Еще больший отпечаток наложило на них обитание в глубинах. Им присущи крайнее обводнение тела, редукция мышц, утрата чернильного мешка, радулы, зоба, резкое упрощение системы изменения окраски (менять цвет они не способны). Иногда у них уменьшаются или редуцируются глаза (единственный слепой головоногий моллюск принадлежит к плавниковым осьминогам), хотя у некоторых других глаза огромные и прекрасно развиты. Наблюдается резкое уменьшение мантийного отверстия вплоть до полного его зарастания, а также числа жаберных лепестков и т. д. Плавниковые осьминоги — не хищники. Они питаются придонным зоопланктоном, ловят его с помощью перепонки между руками. Все это — признаки глубокой и необратимой специализации к условиям океанских глубин, к своеобразному биотопу — слою вод над самой поверхностью дна. Можно сказать, что направление эволюции этих животных граничит с общей дегенерацией.
Плавниковые осьминоги — относительно крупные животные, до 1—1,5 и даже 4 м длиной. Виды сем. Cirroteuthidae медленно плавают с помощью весловидных плавников или парят над дном. Плавники могут бить синхронно или в разнобой, в последнем случае осьминог зависает над дном, подобно вертолету, максимально растопырив руки и растянув перепонку между руками, так что сверху выглядит как зонтик. Хотя парят и плавают они в нескольких сантиметрах от донного ила, но на дно обычно не опускаются.
Анализ эмбрионального развития настоящих осьминогов-октоподид позволяет предполагать, что основные черты их строения — утрата плавников, практически полная редукция гладиуса, мощные руки, соединенные относительно короткой перепонкой, отсутствие усиков, преимущественно двурядное расположение присосок — результат вторичного преобразования онтогенеза, вероятно, в связи с переходом к хищному бентосному образу жизни.
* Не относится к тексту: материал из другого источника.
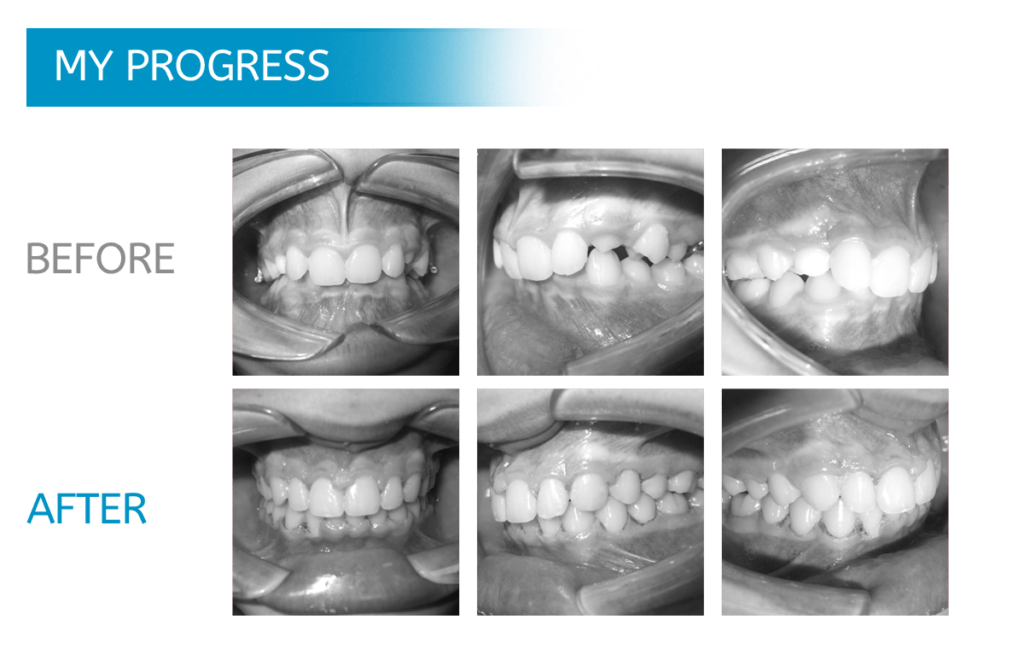 Midwest Orthodontics Chicago: Braces - Before and After Dental X-Rays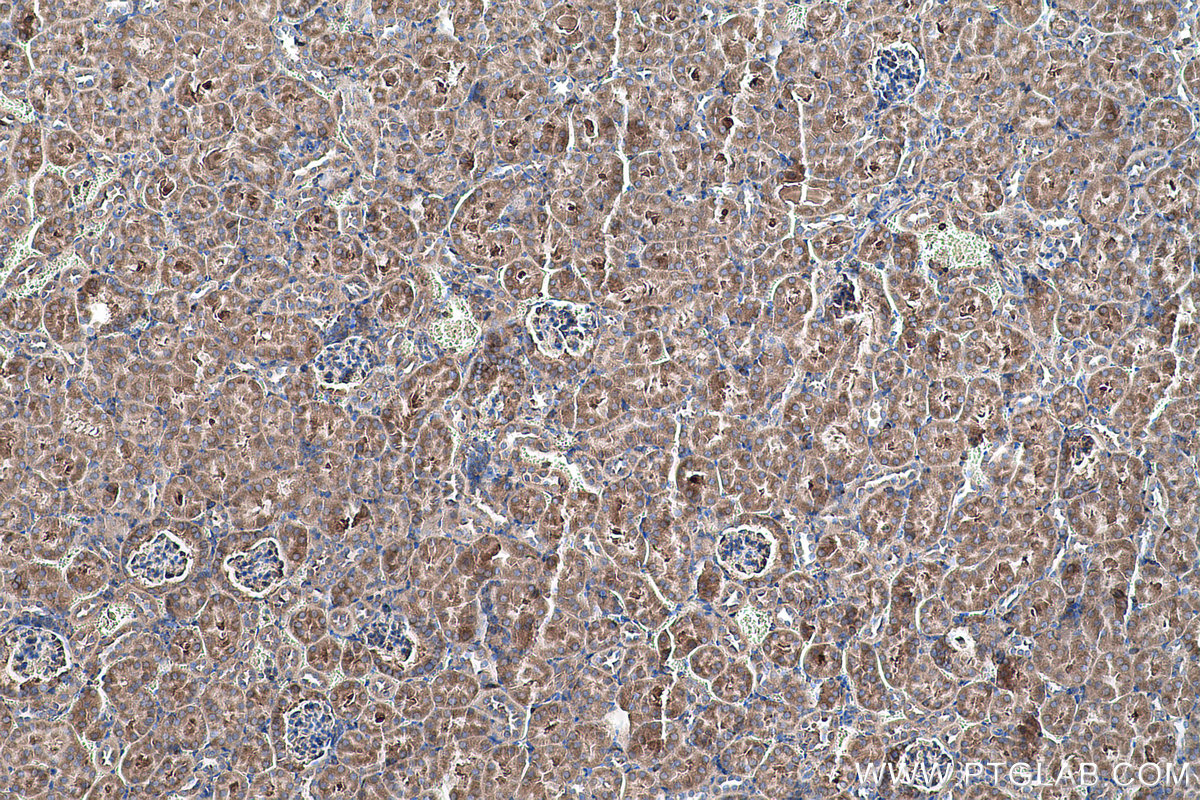 Immunohistochemical analysis of paraffin-embedded mouse kidney tissue slide using KHC0576 (RPLP2 IHC Kit).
Донные осьминоги-октоподиды прекрасно приспособлены к такому образу жизни. Они сильны и могут справиться даже с крупной добычей. Имеют ядовитые слюнные железы. Укус осьминога быстро парализует добычу: яд растворяет места прикрепления мышц к скелету, скажем, к панцирю краба или раковине брюхоногого моллюска. Центральный зуб терки-радулы приспособлен просверливать раковины моллюсков — сквозь дырочку можно впустить ядовитую слюну. Осьминоги питаются и подвижной, и неподвижной добычей, а вот каракатицы и кальмары неподвижную пищу берут плохо. Отсутствие скелета позволяет им протискиваться о самые крохотные щели, недоступные хищникам.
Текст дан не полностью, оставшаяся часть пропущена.